Community Service
Charista Keiko 1801445983
Senin, 20 April 2015
PAUD AN-NUR|| RT. 003 RW. 01 Kelurahan Cilenggang Kecamatan Serpong Tangerang Selatan – Banten
Sesampainya disana, kami melihat anak-anak dan ibu guru sedang melakukan upacara bendera bersama. Ternyata di setiap hari Senin mereka melaksanakan upacara bendera seperti saat kami sebelum kuliah dahulu. Dengan melakukan upacara bendera kita ditanamkan rasa cinta terhadap negara Indonesia. Hari ini juga seragam mereka sungguh unik seperti seragam para tentara atau aparat keamanan yang siap bertugas membela negara.

Dibalik itu ada rasa kecewa di diri saya karena mendapati anak-anak yang masuk hari ini lebih sedikit dibanding hari-hari kunjungan kami sebelumnya. Bahkan di kelas TK P saya mengajar, hanya 5 anak yang hadir. Tapi itu semua tidak mematahkan semangat saya untuk tetap mendidik mereka lebih baik dan cerdas. Justru muncul pemikiran positif bahwa dengan begini saya bisa mengerahkan perhatian dan tenaga saya dengan lebih terfokus ke masing-masing anak.

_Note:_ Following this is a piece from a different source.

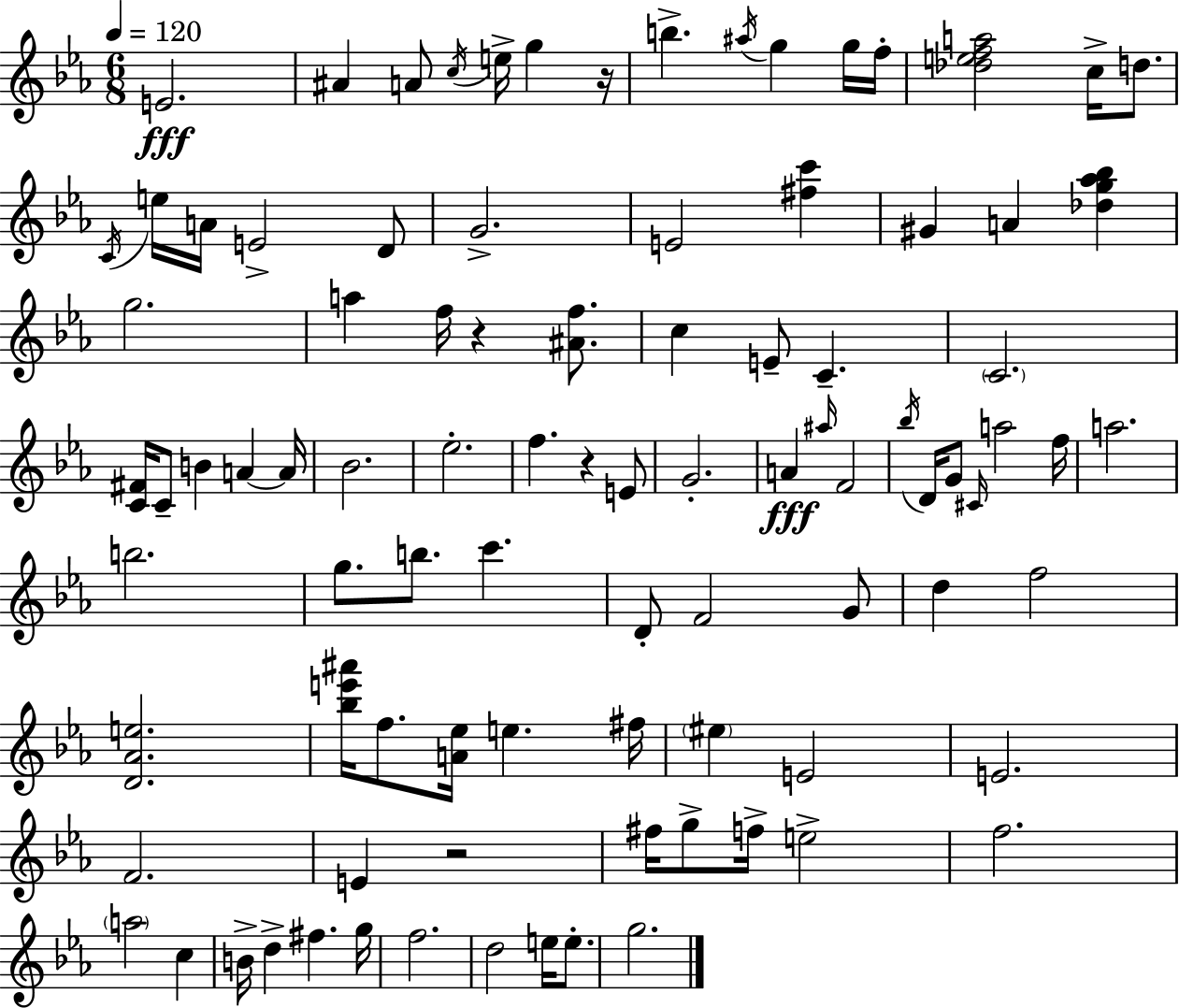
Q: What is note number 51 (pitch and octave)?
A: B5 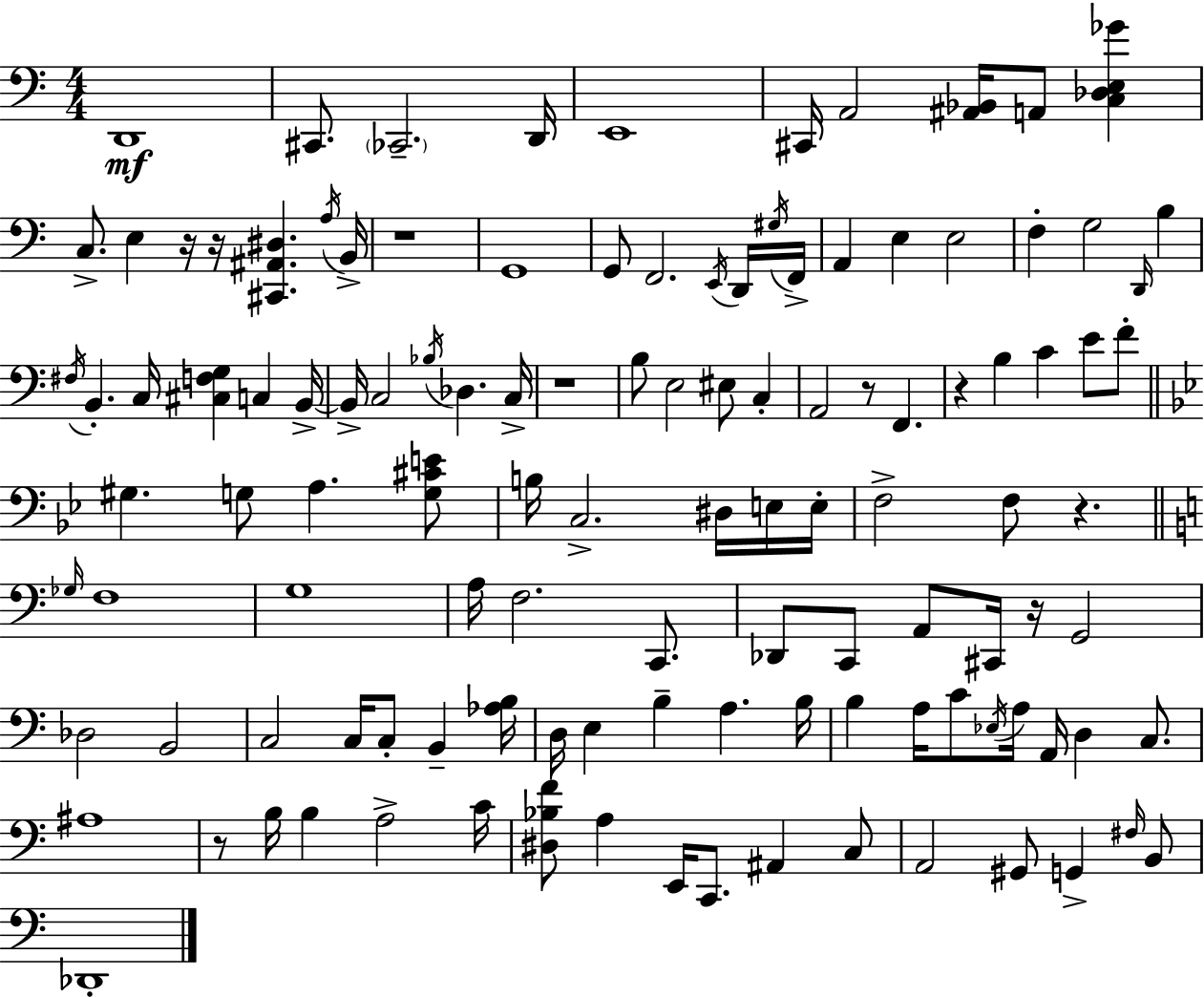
D2/w C#2/e. CES2/h. D2/s E2/w C#2/s A2/h [A#2,Bb2]/s A2/e [C3,Db3,E3,Gb4]/q C3/e. E3/q R/s R/s [C#2,A#2,D#3]/q. A3/s B2/s R/w G2/w G2/e F2/h. E2/s D2/s G#3/s F2/s A2/q E3/q E3/h F3/q G3/h D2/s B3/q F#3/s B2/q. C3/s [C#3,F3,G3]/q C3/q B2/s B2/s C3/h Bb3/s Db3/q. C3/s R/w B3/e E3/h EIS3/e C3/q A2/h R/e F2/q. R/q B3/q C4/q E4/e F4/e G#3/q. G3/e A3/q. [G3,C#4,E4]/e B3/s C3/h. D#3/s E3/s E3/s F3/h F3/e R/q. Gb3/s F3/w G3/w A3/s F3/h. C2/e. Db2/e C2/e A2/e C#2/s R/s G2/h Db3/h B2/h C3/h C3/s C3/e B2/q [Ab3,B3]/s D3/s E3/q B3/q A3/q. B3/s B3/q A3/s C4/e Eb3/s A3/s A2/s D3/q C3/e. A#3/w R/e B3/s B3/q A3/h C4/s [D#3,Bb3,F4]/e A3/q E2/s C2/e. A#2/q C3/e A2/h G#2/e G2/q F#3/s B2/e Db2/w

Saat kami bertanya apa warna bendera nasional Indonesia, mereka sudah dapat menjawab Merah Putih dan menunjuk warna tersebut. Hari ini kami mengajarkan membuat bendera Merah Putih dengan kertas origami. Awalnya kertas origami kami gunting menjadi 2 bagian yang lebih kecil. Dalam proses pembuatan, beberapa dari mereka masih sering merengek tidak bisa dan sungguh butuh bantuan secara masing-masing hanya untuk membuat satu buah lipatan. Saya dan Alex melakukannya dengan mengarahkan tangan mereka untuk melipatnya. Setelah dilipat kami membimbing mereka untuk memberikan lem di satu sisi dan merekatkannya ke buku tugas masing-masing. Dalam hal ini mereka lebih mahir dan mengerti. Kemudian kami membantu menggambar garis lurus sebagai tiang bendera. Karena untuk gambar garis lurus mereka masih sangat kesulitan.

Tidak terasa satu jam telah berlalu. Hari ini dengan pelajaran seperti itu justru nampaknya lebih banyak menguras tenaga karena mereka masih kesulitan dalam membuat sesuatu dengan lebih rapi. Waktu istirahat pun tiba dan kami menggiring mereka ke tempat cuci tangan dan mereka pun berbaris rapi secara bergantian dengan tertib mencuci tangan dan berdoa dibimbing ibu Yenny baru sesudah itu diperbolehkan makan bekal hingga habis. Mereka kami nasehati agar menghargai makanan. Agar merasa bersyukur dan menghargai jerih payah kasih sayang orangtua.


Penerapan nilai Pancasila dibalik kegiatan ini yaitu:
Sila ke-3 Persatuan Indonesia: Dapat dilihat dari bagaimana mereka telah berusaha menerapkan upacara bendera dan mengenal tentang bendera negara Indonesia sendiri. Mendukung tema “Tanah Airku” dalam menimbulkan rasa cinta tanah air. Seragam mereka pun mendukung bentuk pengabdian kepada tanah air.